PROBLEM REQUIREMENTS: Where an entry holds an image, leave the image out; otherwise reproduce the entry exactly.

---------- DATA PROVIDED ----------

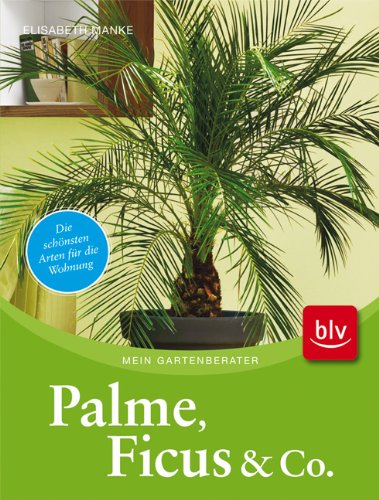 Palme, Ficus und Co.: Die schönsten Arten für die Wohnung Garden & Plants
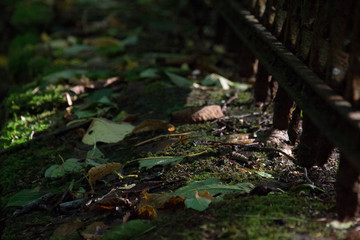 Dortmund vergessener Friedhof 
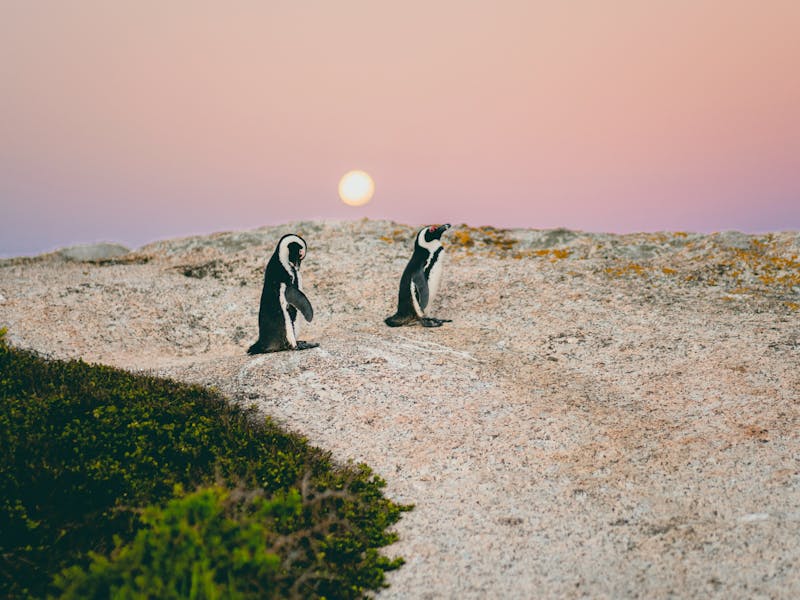 HDSuedafrikaBoulders BeachPinguine5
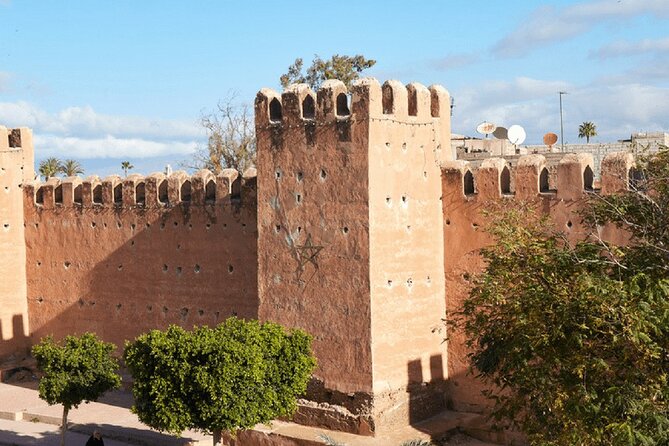 Half day tour : Agadir Goats in argan trees & Souk El Had Market - Is $41 good value?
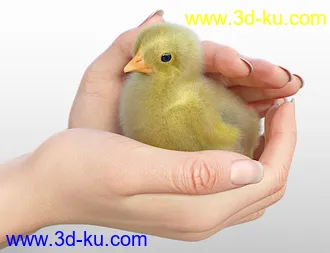 3D打印模型Pip the Chick的图片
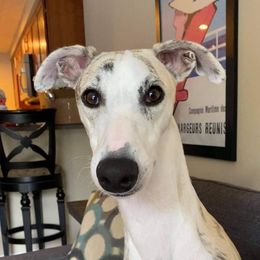 Calvin - Whippet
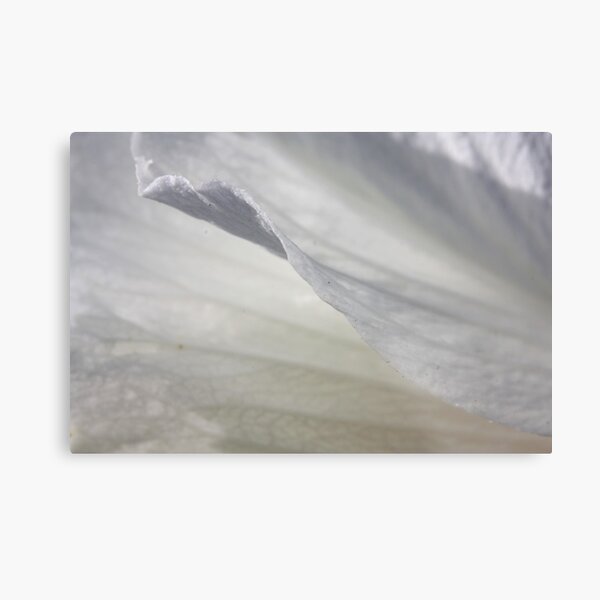 Exquisite lightness Metal Print
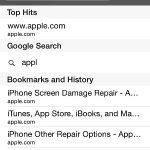 safari private mode search history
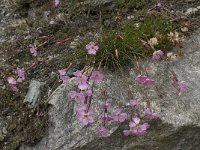 Dianthus sylvestris ssp sylvestris 20, Saxifraga-Willem van Kruijsbergen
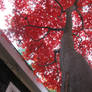 Wizard's Japanese Maple 7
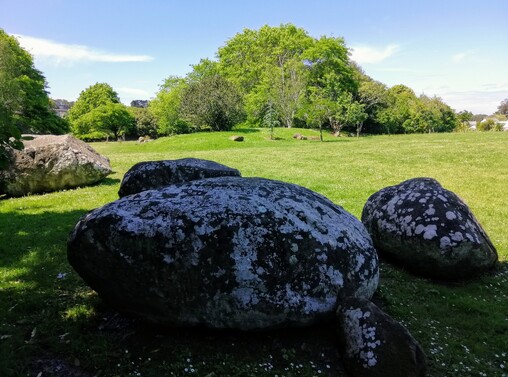 Home of Football | Newmarket Park, Auckland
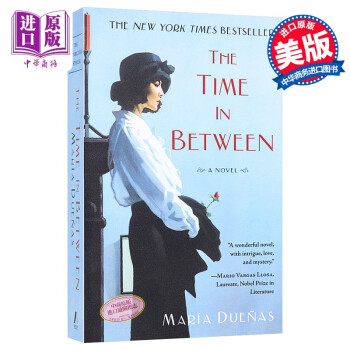 英文原版 The Time In Between: A Novel时间的针脚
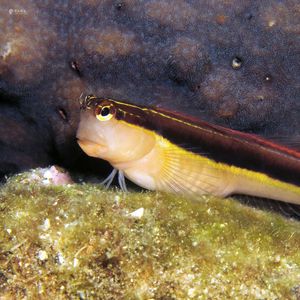 Ecsenius lineatus ��日本 Japan , 柏岛 Kashiwa Island @LazyDiving.com 潜水时光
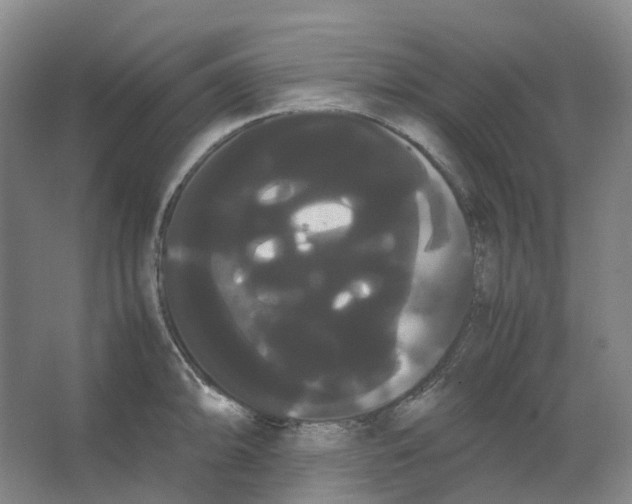 X0000066501094200604141716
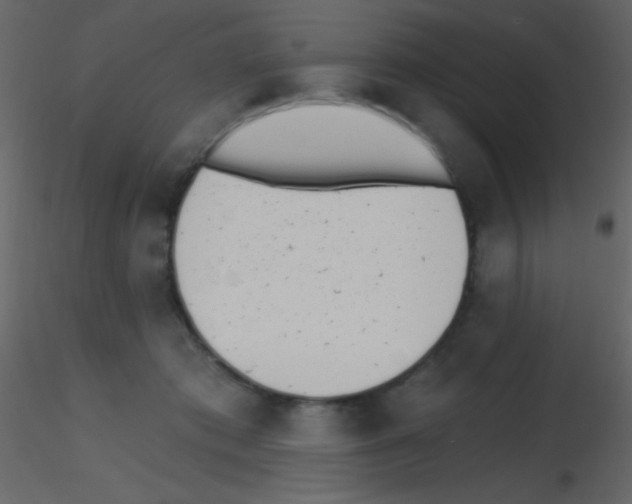 X0000115730413200912241630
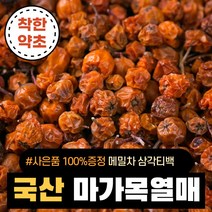 [메밀차 삼각티백 100%사은품 증정] 국산 마가목열매 600g, 국산 마가목열매 600g+[사은품]티백 메밀차 7개입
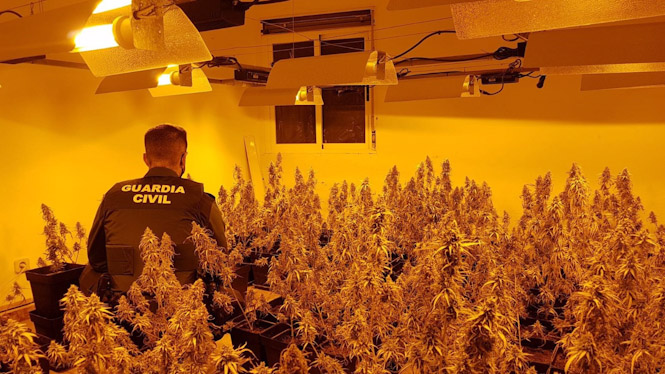 Imagen de archivo de una plantación de cannabis descubierta en una casa ocupada (GUARDIA CIVIL)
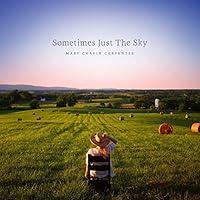 Algopix Similar Product 7 - Sometimes Just the Sky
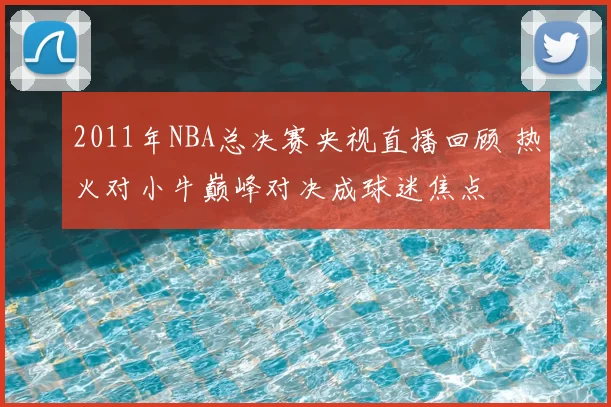 2011年NBA总决赛央视直播回顾 热火对小牛巅峰对决成球迷焦点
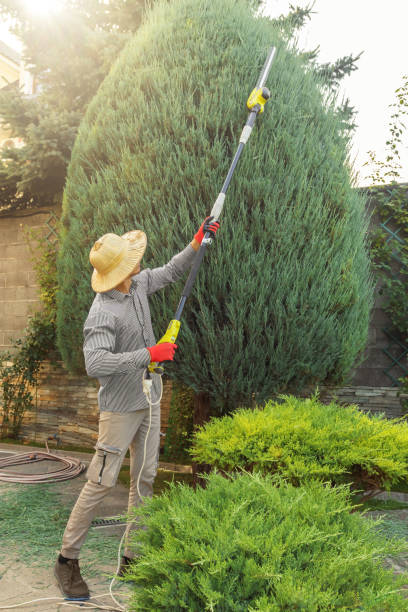 Best Tree Removal Services  in USA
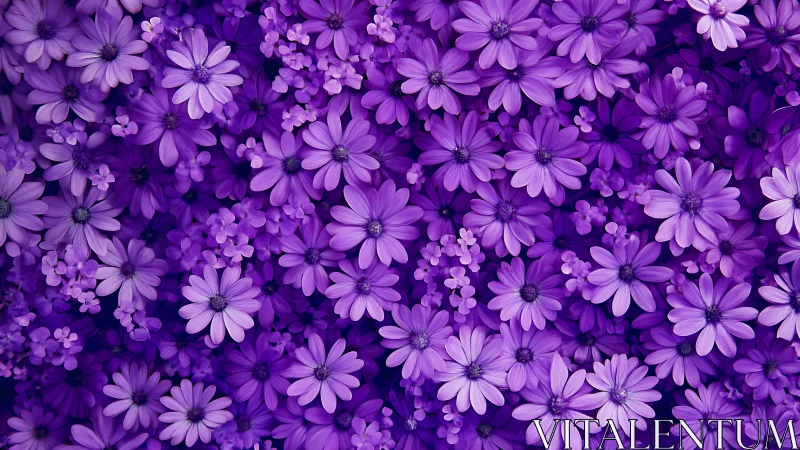 Purple Floral Field with Mixed Daisy Varieties.
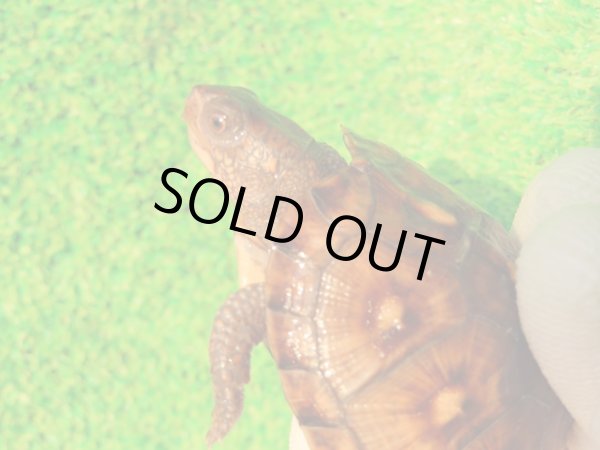 画像5: トウブハコガメ14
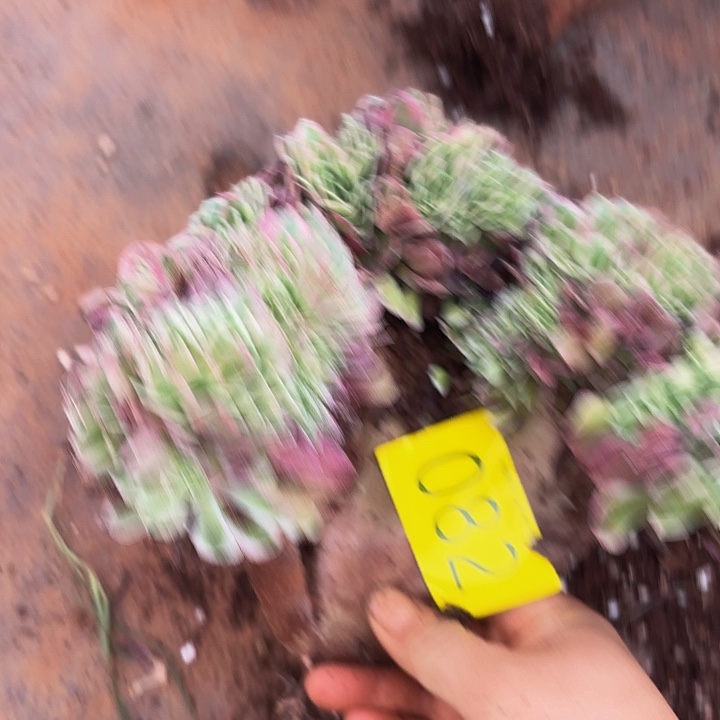 欧***鬼多肉植物福利082号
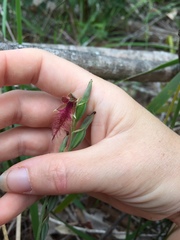 Calochilus gracillimus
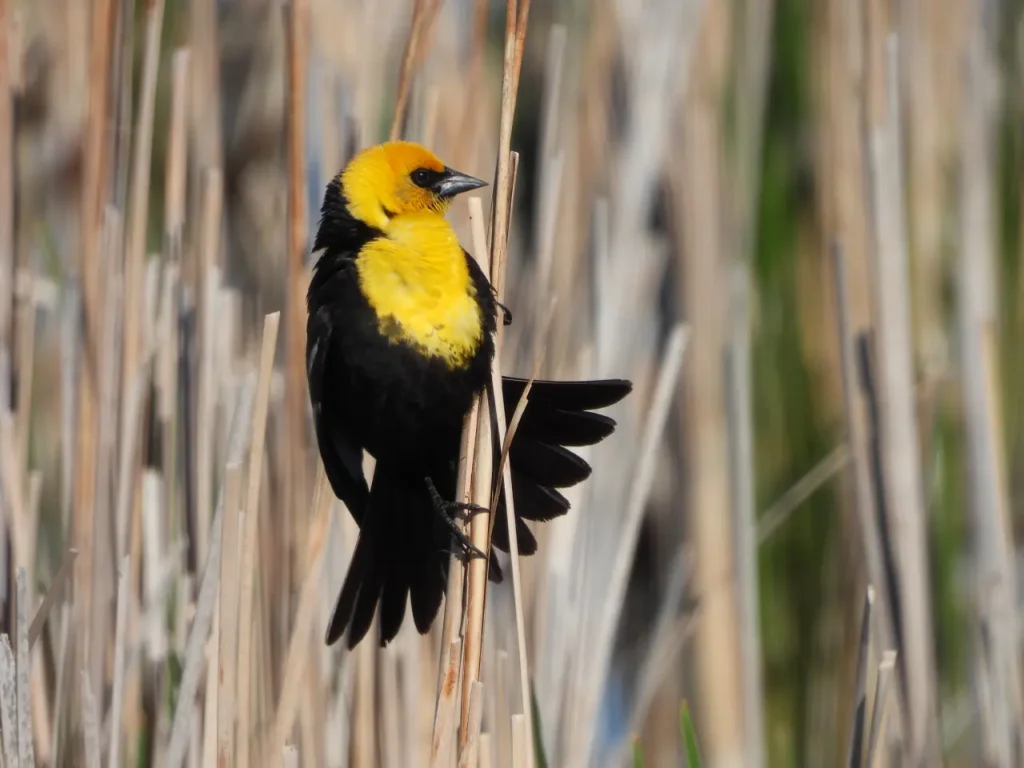 Yellow-headed Blackbird 16.jpg_large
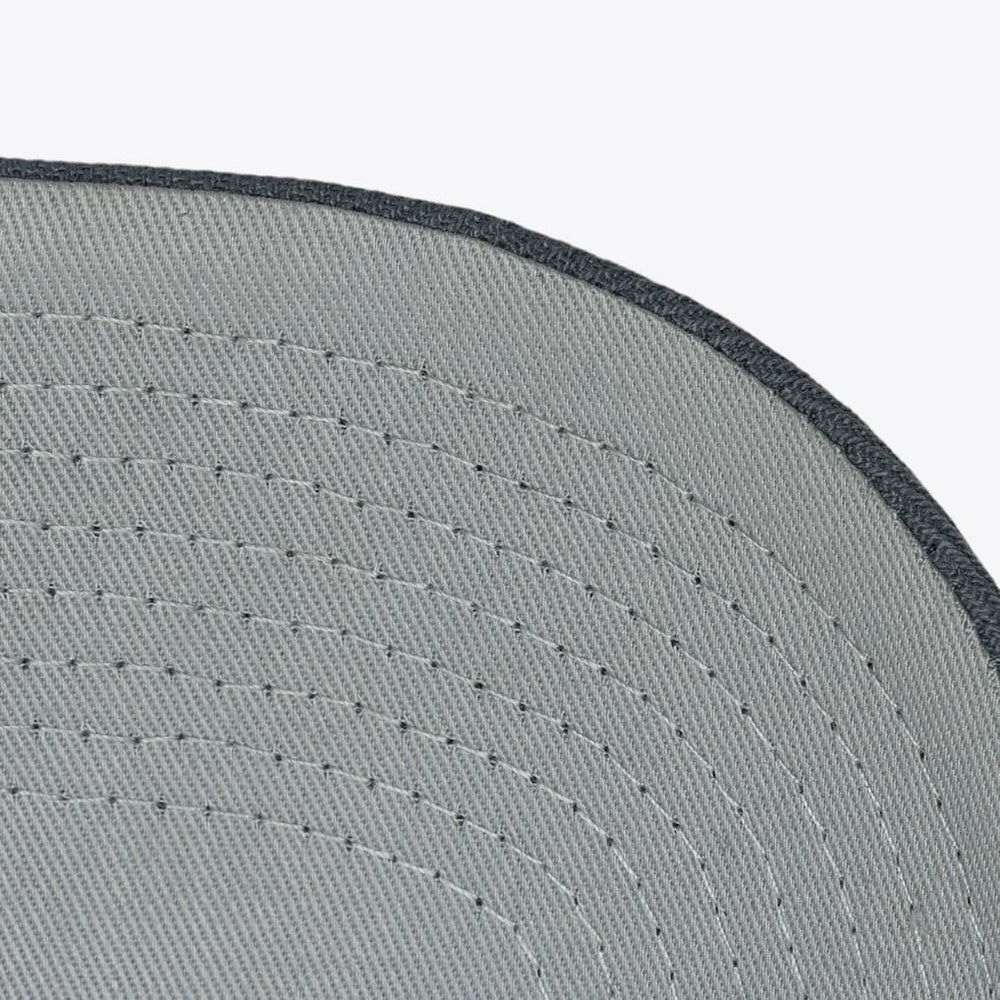 Gray Boston Celtics Thunderstorm Head Coach Pro Crown Snapback Hat | NBA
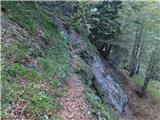 Lučka Bela (Za Loncem) - Kocbekov dom na Korošici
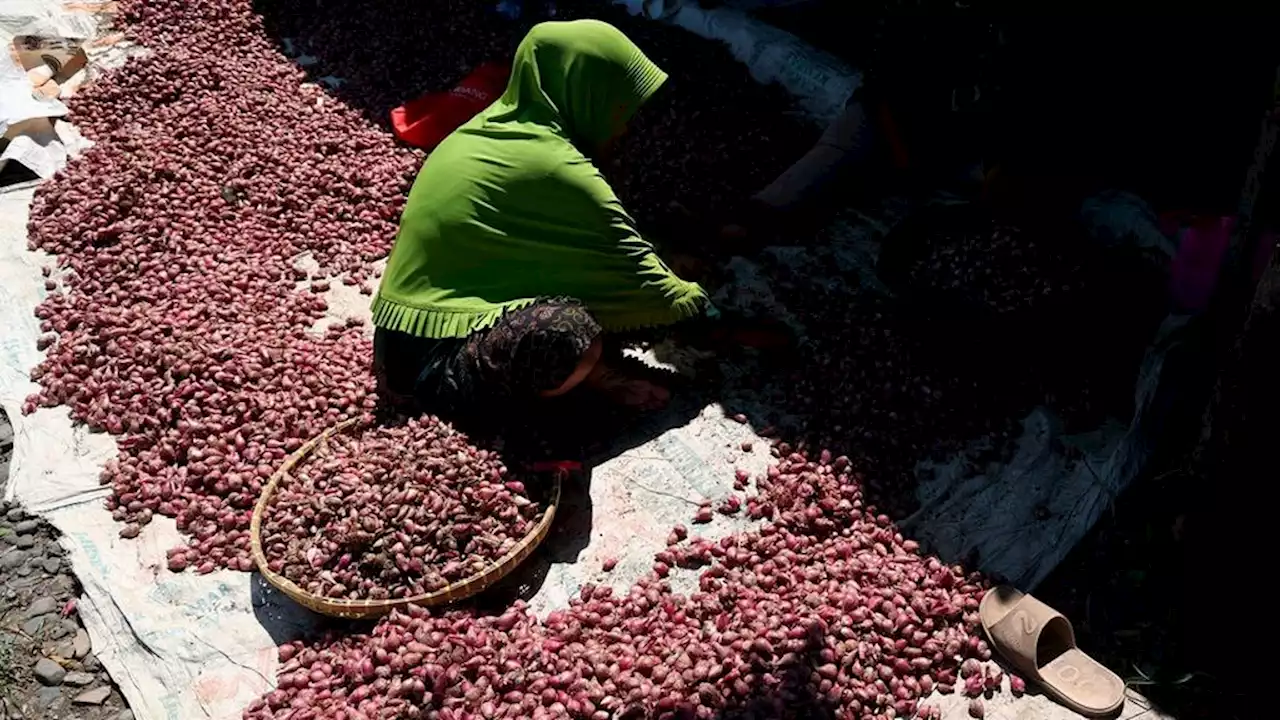 Brebes Shallot Export Opportunities Need Support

----------

SOLUTION BELOW:
 Palme, Ficus und Co.: Die schönsten Arten für die Wohnung Garden & Plants
 Dortmund vergessener Friedhof 
 HDSuedafrikaBoulders BeachPinguine5
 Half day tour : Agadir Goats in argan trees & Souk El Had Market - Is $41 good value?
 3D打印模型Pip the Chick的图片
 Calvin - Whippet
 Exquisite lightness Metal Print
 safari private mode search history
 Dianthus sylvestris ssp sylvestris 20, Saxifraga-Willem van Kruijsbergen
 Wizard's Japanese Maple 7
 Home of Football | Newmarket Park, Auckland
 英文原版 The Time In Between: A Novel时间的针脚
 Ecsenius lineatus ��日本 Japan , 柏岛 Kashiwa Island @LazyDiving.com 潜水时光
 X0000066501094200604141716
 X0000115730413200912241630
 [메밀차 삼각티백 100%사은품 증정] 국산 마가목열매 600g, 국산 마가목열매 600g+[사은품]티백 메밀차 7개입
 Imagen de archivo de una plantación de cannabis descubierta en una casa ocupada (GUARDIA CIVIL)
 Algopix Similar Product 7 - Sometimes Just the Sky
 2011年NBA总决赛央视直播回顾 热火对小牛巅峰对决成球迷焦点
 Best Tree Removal Services  in USA
 Purple Floral Field with Mixed Daisy Varieties.
 画像5: トウブハコガメ14
 欧***鬼多肉植物福利082号
 Calochilus gracillimus
 Yellow-headed Blackbird 16.jpg_large
 Gray Boston Celtics Thunderstorm Head Coach Pro Crown Snapback Hat | NBA
 Lučka Bela (Za Loncem) - Kocbekov dom na Korošici
 Brebes Shallot Export Opportunities Need Support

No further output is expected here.